Interactive Map: Green Recovery

Last month, the Center for American Progress released a report by University of Massachusetts Political Economy Research Institute economists entitled, “Green Recovery.” The report demonstrated that by making a rapid $100 billion green economic investment, the United States can create 2 million jobs in two years.

The map below shows allocations to 34 states from the green recovery program (based on the state’s population density and contribution to gross domestic product), the net job creation for these states through the program, and how much this net job creation would reduce the state’s unemployment rate (based on September 2008 unemployment figures).*


The program proposes to boost public investment (and leverage private capital through loan guarantees) in six energy efficiency and renewable energy strategies: retrofitting buildings to improve energy efficiency; expanding mass transit and freight rail; constructing “smart” electrical grid transmission systems; wind power; solar power; and next-generation biofuels.

The majority of jobs that would be created through the green economic recovery program would be in the same areas of employment people already work in today, in every region and state of the country.

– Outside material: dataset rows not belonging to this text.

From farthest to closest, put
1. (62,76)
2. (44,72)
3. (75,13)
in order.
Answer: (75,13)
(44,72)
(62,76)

The program would provide a major boost to the construction and manufacturing sectors throughout the United States, through much-needed spending on green infrastructure. The table below provides a representative sample of the employment areas that will expand through the green stimulus plan.

green investments and jobs


* These state allocations are based on $100 billion in federal funds and an additional $20 billion in private capital leveraged through loan guarantees. The job creation numbers for each state also reflect these figures. Note that totals for allocations will not add up to $120 billion since only 34 states are shown, and total jobs will not equal 2 million for the same reason. All states would be included in the program.